Carbonated drinks lose ground in China

Updated: 2015-10-04 09:46
(CRIENGLISH.com)

Carbonated drinks lose ground in China

Some popular carbonated beverages in China. [Photo: baidu.com]

Newly published stats show the market growth for carbonated drinks has slipped to less than 1 percent in China, despite huge expenditures on advertising from Coca-Cola and its chief rival Pepsi.

The data is coupled with a report from retail giant Wal-Mart which indicates sales of these drinks have fallen by about 15 percent year on year.

Feng Jinlong with Wal-Mart attributes it to the change of customers' taste.

"Sales of carbonated drinks have dropped this year. This is probably because our consumers are changing their drinking habits."

Feng's views are supported by some street survey results.

"Normally I just drink water because I think carbonated drinks are unhealthy."

"Commercial beverages are high in sugar. People are more health-conscious now. I just drink some fresh juice once awhile."

Globally, Coca-Cola's sales were down 3 percent in the second quarter of this year as compared with the figure from last year.

To reverse the sales downturn, the leading beverage maker has to shift its focus to other products.
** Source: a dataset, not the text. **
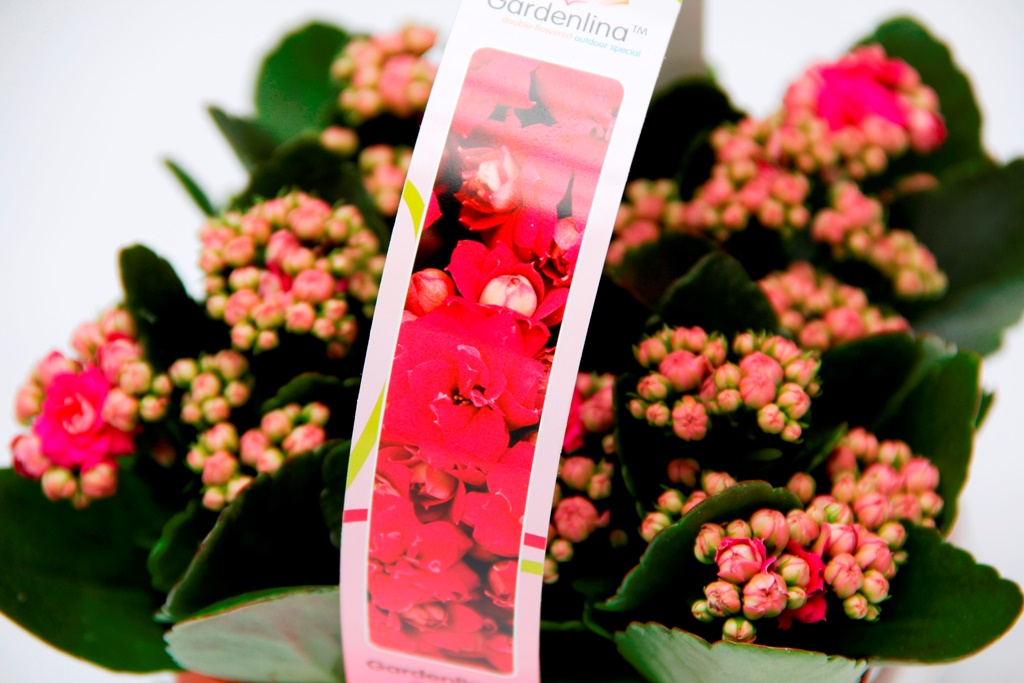 Kolopejka venkovní květináč 7cm 4ks-1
Coca-Cola CEO Muhtar Kent says his company has plans to stay vibrant in China.

"We continue to offer more choice every day with juices, with sports drinks, with our teas and with our many other beverages and great sparkling beverages. So we have the best, widest portfolio."

Thomas Wu, an analyst from one of the world's leading strategy consultancies, Roland Berger, agrees with Coca-Cola's Kent.

"Coca-Cola is losing out on this market because of certain subcategories. For example, tea. So I think the challenge for Coca-Cola to become bigger is to have a broader range of categories in the portfolio."

To meet the consumer demand, Pepsi has allied with Chinese e-retailer Jingdong to launch a new vegetable-protein-based beverage.

Meanwhile, Coca-Cola has acquired the Xiamen-based Culiangwang from state-owned China National Cereals, Oils and Foodstuffs Corporation for 400 million U.S. dollars and plans to produce drinks made from whole grains.

The company has also broken ground on two new manufacturing facilities to expand its production capacity in China.